Some of you will know we decided to ask the school/local authority if Oscar could repeat reception. It wasn’t because we or they were feeling he wouldn’t be able to cope in Year 1… more that he’s a summer born baby (July), his speech is still evolving, we’re still working on toileting and because he had a chunk of time off for his operation, recovery and follow up appointments. It wasn’t a decision we took lightly but we were thrilled when we had the go ahead and the support from the school. We have gone with our gut and although he’ll/we’ll be sad to say goodbye to his current class, we feel giving him an extra year to cement what he’s learnt thus far, can only benefit him in the long run.
And when I think back to all the worries I had back when he started. Whether he’d cope? Whether school would cope with him? I’ve realised that if both parties (us and the school) are on board with wanting to make it work, it will. I think communication has been key here too. We have had a communication book that’s come home every afternoon with him, it has a few lines about what he’s been doing that day. It might sound silly but it’s been so wonderful to read what he’s been up to and how he’s getting on. Of course there’s contact with the school on occasion but I’m really careful not to be that annoying SEN mum, constantly asking them questions or interfering. I have faith that they are doing everything they can for him.
I worried at first about how Oscar would fit in and whether he’d make friends. I’m not going to lie, I have felt sad at times over the last year watching how some of the other boys and girls interact with one another and wondering if Oscar will ever have the speech to be able to do this. You may have seen my post recently about the fact that more words are coming but it’s a slow process and I guess watching the other children together and how easily their friendships have formed, can hurt at times.
I took Oscar to a birthday party for one of his classmates this weekend though and the difference in his ability to interact with his peers and seeing how they did so with him, was just so heart-warming. At one point Oscar sat down on the floor and got upset. One of the little boys went over to him, crouched down right in front of him and had a little chat with him. I’ve no idea what he said but it was enough to make him stop crying. Another girl, who I know he shares a special bond with, spent most of the party holding his hand, sitting next to him, hugging him, helping him and dancing with him. It was just so lovely.

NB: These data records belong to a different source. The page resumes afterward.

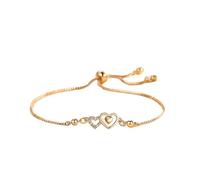 crayfomo Gold Plated Heart Bracelet, Adjustable Slider with Zirconia, Romantic Design Dainty Chain, Perfect for Women, Daily Wear & Gift for Her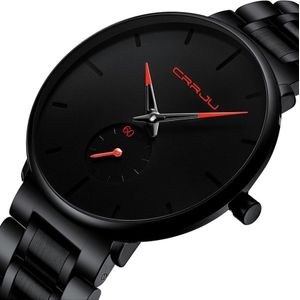 CRRJU Horloge - Zwart - Rood - Heren - Analoog - Ø 35 mm - staal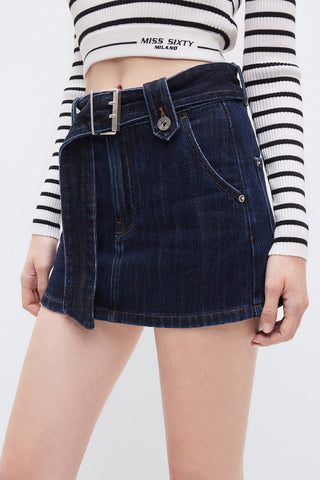Belted Cotton Denim A-Line Skirt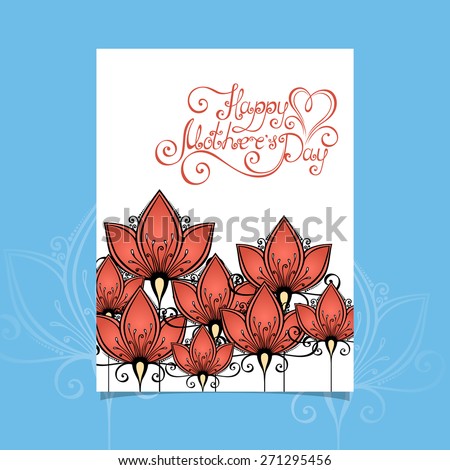 Vector Happy Mothers\'s Day Greeting Card with Flowers, Hand Drawn Holiday Lettering. Ornate Vintage Lettering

Friendships for me especially, were so important. Sure, the academic stuff is too but one of my biggest worries was that he wouldn’t make friends or that others would get fed up being around him. I needn’t have worried. Just yesterday as we were walking in to school, one of Oscar’s classmates came up beside us. And as we continued walking, his mum and I talking as we went, I looked down to see that this little boy had taken Oscar’s hand and walked the entire way in to school with him. They’d said hi to each other when they first held hands but other than that they didn’t say too much. What I loved about it was that there was no prompting from his mum, this little boy had just grabbed Ozzie’s hand because he’d wanted to. And even though there wasn’t much dialogue, every once in a while, they’d share a look and smile.
Oscar won’t be with those kids next year but he’ll still see them in the playground I’m sure. I have faith in him that he’ll be able to cope with the next step. He’ll meet new friends. He’ll carry on trying his best. And without doubt, I know he (and all his peers who happen to have DS too), will carry on smashing those misperceptions some of us had about Down Syndrome, out of the park.